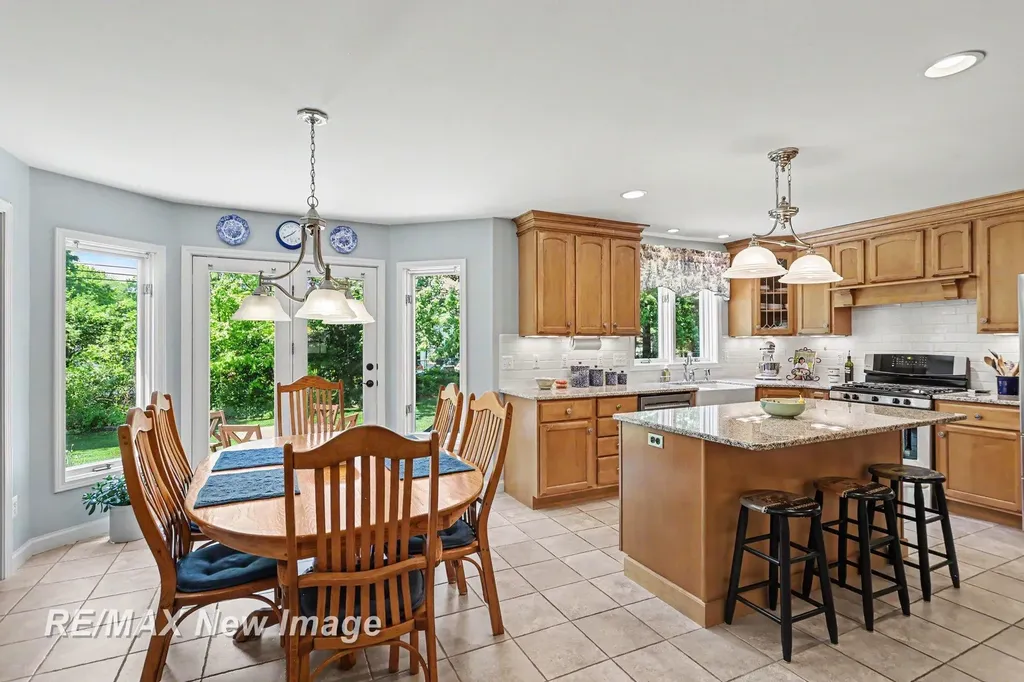 5305 Claremont Street Midland City MI 48642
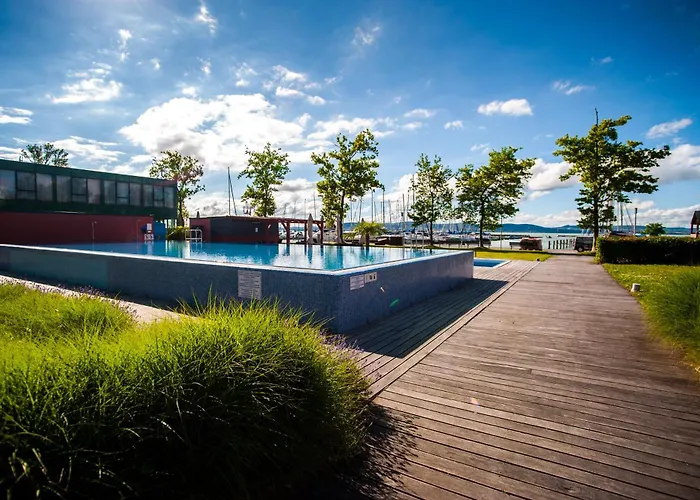 Apartament Bl Apartman By Hellobalatonlelle *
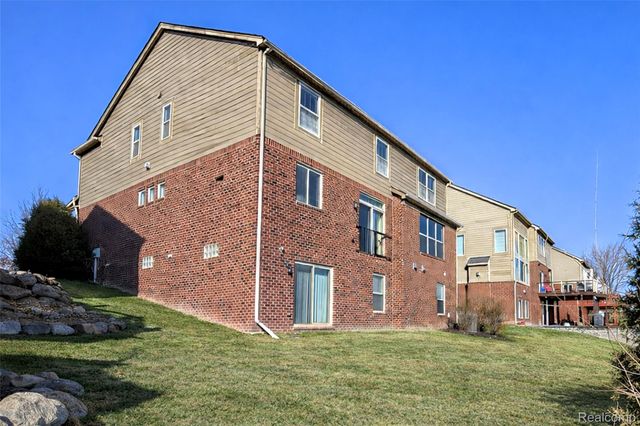 51026 Upland View Street, Canton Charter Township, MI 48188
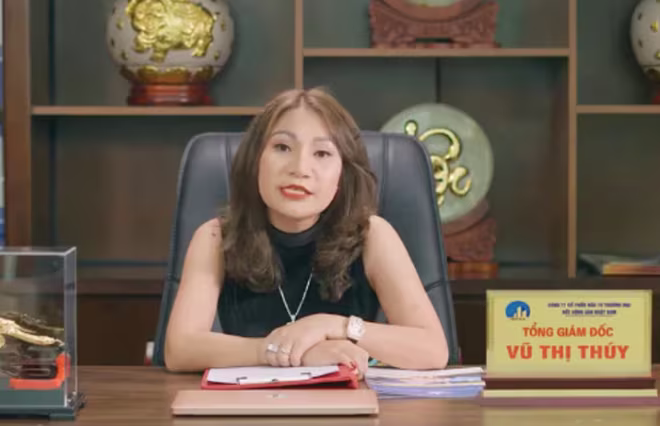 Bị can Vũ Thị Thúy - Chủ tịch, kiêm Tổng Giám đốc Công ty Nhật Nam Bị can Vũ Thị Thúy - Chủ tịch, kiêm Tổng Giám đốc Công ty Nhật Nam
============
■ **Exercise prompt**: Every line from the one that holds "51026 Upland View" to the end of the listing should be output exactly, with pictures left out, please.

■ **Solution to this exercise**:
 51026 Upland View Street, Canton Charter Township, MI 48188
 Bị can Vũ Thị Thúy - Chủ tịch, kiêm Tổng Giám đốc Công ty Nhật Nam Bị can Vũ Thị Thúy - Chủ tịch, kiêm Tổng Giám đốc Công ty Nhật Nam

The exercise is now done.